Your company has accumulated cash and profits to match. You could draw the money as salary or a dividend but that will trigger a large tax bill. Instead, can your company buy your home as an investment, and if so what are the main tax consequences?

Company purchase

As you would expect, if your company buys a property for you to live in there are tax consequences. You’ll be taxed on a benefit in kind linked to the value of the property. Your company will have to pay Class 1A NI at 13.8% of this. This is a relatively low tax cost, but there are further and higher tax charges faced by your company.


Your company can face higher stamp duty land tax (SDLT) charges than if you purchased your new home personally. If the property costs more than £500,000 it will have to pay SDLT at 15% compared with the variable rates for a personal purchase, which are lower except for properties costing more than £1,500,000. On top of this your company might be subject to the annual tax on enveloped dwellings (ATED). Since 1 April 2016 ATED applies on properties worth £500,000 or more. The charge is banded starting from £3,650 (for 2019/20) for properties worth between £500,000 and £1 million.

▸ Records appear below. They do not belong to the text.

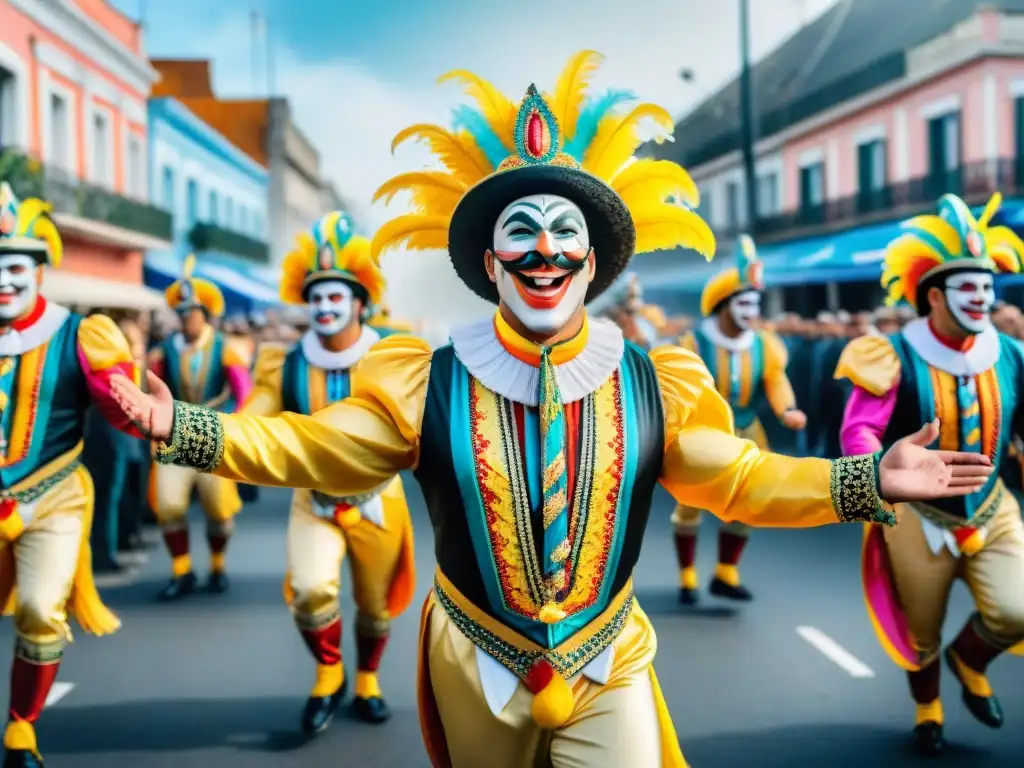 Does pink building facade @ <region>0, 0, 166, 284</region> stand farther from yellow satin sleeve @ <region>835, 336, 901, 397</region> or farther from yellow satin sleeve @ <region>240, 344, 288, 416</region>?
yellow satin sleeve @ <region>835, 336, 901, 397</region>

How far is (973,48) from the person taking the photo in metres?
24.6

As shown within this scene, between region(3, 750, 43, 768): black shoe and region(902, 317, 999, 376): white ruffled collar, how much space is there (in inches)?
155

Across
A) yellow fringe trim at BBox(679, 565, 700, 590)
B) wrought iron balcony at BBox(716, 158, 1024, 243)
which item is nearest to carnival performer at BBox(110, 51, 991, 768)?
yellow fringe trim at BBox(679, 565, 700, 590)

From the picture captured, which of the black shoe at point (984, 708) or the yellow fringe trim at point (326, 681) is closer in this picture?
the black shoe at point (984, 708)

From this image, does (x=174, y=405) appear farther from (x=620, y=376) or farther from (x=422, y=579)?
(x=422, y=579)

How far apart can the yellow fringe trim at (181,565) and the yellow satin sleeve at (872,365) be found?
5057 mm

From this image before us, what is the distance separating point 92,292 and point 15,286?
1841cm

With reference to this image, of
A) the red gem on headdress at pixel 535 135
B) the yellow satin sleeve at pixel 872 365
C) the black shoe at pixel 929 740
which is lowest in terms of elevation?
the black shoe at pixel 929 740

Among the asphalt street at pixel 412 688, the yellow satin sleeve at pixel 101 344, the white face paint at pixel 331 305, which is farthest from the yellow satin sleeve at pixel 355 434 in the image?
the white face paint at pixel 331 305

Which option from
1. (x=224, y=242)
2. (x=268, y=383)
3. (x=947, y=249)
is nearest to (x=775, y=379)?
(x=947, y=249)

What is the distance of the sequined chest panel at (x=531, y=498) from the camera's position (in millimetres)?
3309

Tip. Properties valued at less than £500,000 aren’t subject to the higher SDLT or ATED.

Capital gains tax

Another big drawback to company ownership is that when it’s sold the capital gains tax (CGT) relief, known as private residence relief, which prevents a tax charge arising for individuals, won’t apply. That means your company will have to pay corporation tax at a special rate on the full amount of any gain it makes. The blow will be softened a little because companies are allowed to reduce the gain on which they are taxed by the effects of inflation over the period of ownership

Trap. Where a property is caught by the ATED charge a special tax rate of 28% applies to the gain instead of the usual CT rate (19% for 2019/20).

Company ownership is costly

You’ll have worked out by now that HMRC really isn’t keen on companies owning residential accommodation as an investment or for directors to occupy as their homes. But that doesn’t mean to say that your company can’t be involved indirectly in helping you buy your dream home.

A company loan

Your company could advance you a low or interest-free loan to meet some or all of the purchase price. This arrangement results in a fairly modest taxable benefit for you if the loan exceeds £10,000 which is 3% of the average loan balance over the tax year. Your company must pay Class 1A NI on the amount of the benefit, plus, there’s a related tax charge on the company.

Company’s temporary tax

If your company lends to you for a long period it must pay a one-off tax charge equal to 32.5% of the loan. This is refunded when the debt is repaid.

Tip. If you combine a mortgage with a loan from your company, consider making the mortgage interest only at first. This will reduce repayments allowing you to repay the company sooner. That will reduce the personal tax for you and accelerate the refund for the company’s temporary tax charge.